Okul yöneticisi yetiştirme programları geliştirilirken örgütsel teori , okul mevzuatı, maliye ve personel yönetimi gibi klasik konuların dışında okul yöneticisi adaylarının gerçek okul ortamında karşılaşabilecekleri problemlerle tanışmalarını sağlayabilecek örnek olay incelemesi gibi problem çözme odaklı uygulamalar, mentorluk, stajyerlik/ internlük gibi yeni yaklaşımların göz önünde bulundurulması ABD’de en temel eleştiri konusu olan okul yöneticisi yetiştirme programlarının fazla akademik olması ve gereken pratik bilgiyi sağlamamaması yanlışına düşmemizi engelleyebilir. Ülkemizde uygulanacak programlar yönetici adaylarını okul yönetiminin gerçek ihtiyaçlarına yönelik hazırlayacak şekilde oluşturulmalı, yeterli uygulamalı eğitimi de kapsamalıdır.

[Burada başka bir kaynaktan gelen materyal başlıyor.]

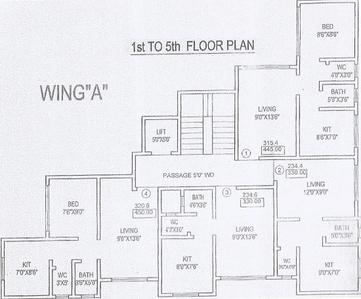Project Image of 220.0 - 355.0 Sq.ft Studio Studio Apartment for buy in Om Builders Heights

Okulların dinamik sistemler olduğu ve başarılı okul yöneticisinin rolünün zamanla değişebilileceği gerçeğinden hareketle okul yöneticisi yetiştirme programlarının katı ve değişmez değil , esnek ve sistemin gereklerine göre düzenlenebilir şekilde planlanması gerekmektedir. Sistemin değişen gereksinimlerini

algılayabilmek ve bu gereksinimleri okul yöneticilerinin yetiştirilmesi çabalarına aktarılabilmesi için sürekli bir çaba gerekmektedir.

Yukarıda da belirtildiği gibi ilköğretim ve lise müdürlerinin, müdür yardımcılarının, eğitim yöneticilerinin, deneticilerin, eğitim yöneticisi programı bulunan fakülte ve bu fakültelerin öğretim üyelerinin bir araya gelerek kuracakları meslek örgütleri okul ve eğitim yönetimi ile ilgili politikaların belirlenmesinde , güncel gelişmelerin takip edilmesinde, konu ile ilgili kamuoyu ve gerektiğinde baskı yaratılmasında faydalı olacaktır. A.B.D.’de etkin olarak çalışan bu meslek örgütlerinin yapılanması, işbirliği ve işbölümü örnek alınabilir. A.B.D.’deki eyaletlerin herbirinde örgütlenen bu meslek örgütlerinin benzerleri ülkemizde de coğrafi bölgeler ya da iller düzeyinde kurulabilir. Bu meslek örgütleri kendi bölgelerinin eğitim ve okul yönetimi ile ilgili daha etkin çalışma içinde bulunabilir, yayın yapabilir, üyelerinin sorunlarına yardımcı olabilir, bir süre sonra hizmetiçi eğitim verebilecek duruma gelebilirler. Meslek örgütlerinin katılımcı olacakları üst örgütler tüm ülkeyi bağlayacak standartlar geliştirebilirler.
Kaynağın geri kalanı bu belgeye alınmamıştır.